## Problem
Quote the data below in full, minus the images.

## Recorded information

■ ■ ■ ■ ■ ■ ■

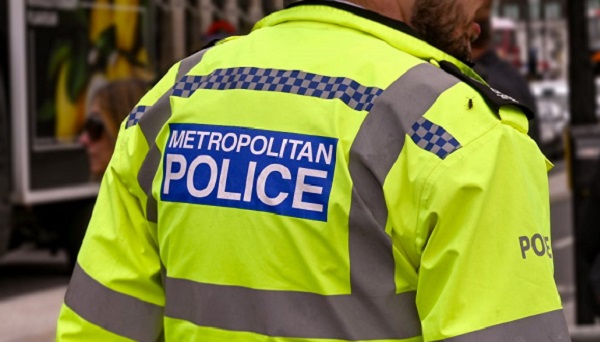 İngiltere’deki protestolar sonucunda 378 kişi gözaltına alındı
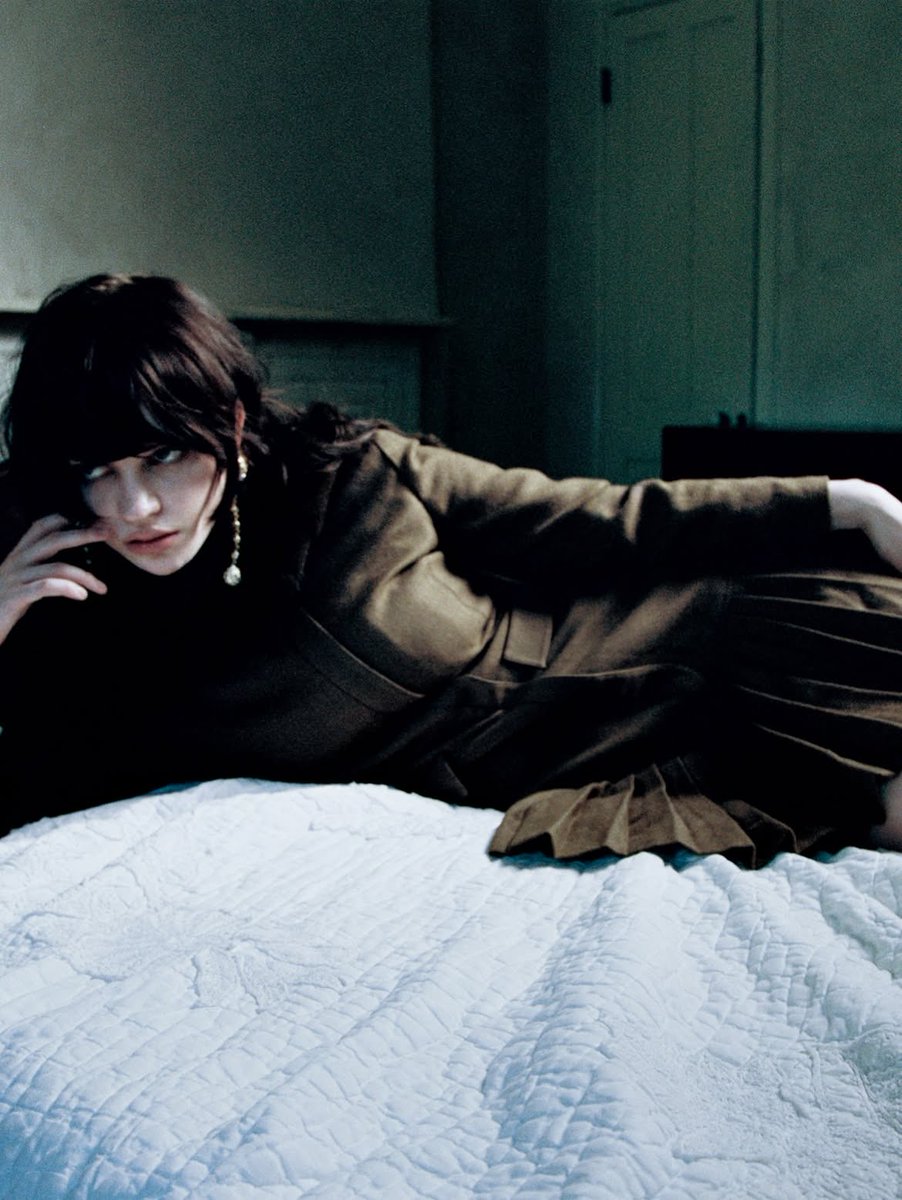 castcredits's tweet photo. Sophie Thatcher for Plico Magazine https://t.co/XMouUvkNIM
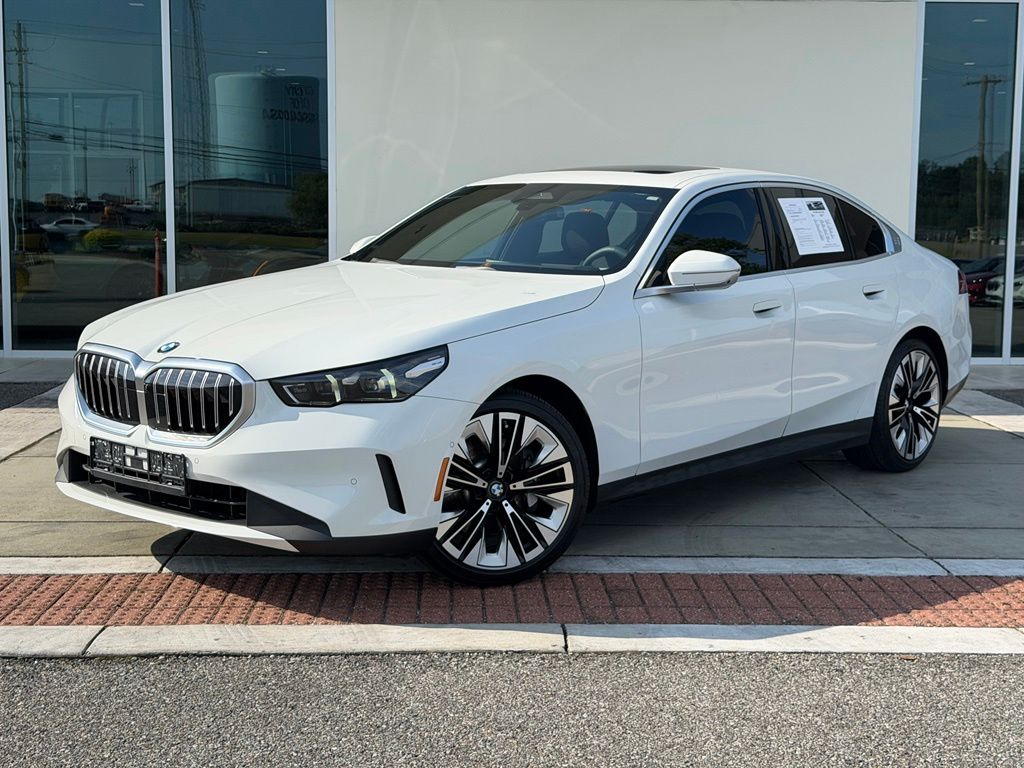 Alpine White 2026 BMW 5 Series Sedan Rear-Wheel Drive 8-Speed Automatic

■ ■ ■ ■ ■ ■ ■

## Final answer
 İngiltere’deki protestolar sonucunda 378 kişi gözaltına alındı
 castcredits's tweet photo. Sophie Thatcher for Plico Magazine https://t.co/XMouUvkNIM
 Alpine White 2026 BMW 5 Series Sedan Rear-Wheel Drive 8-Speed Automatic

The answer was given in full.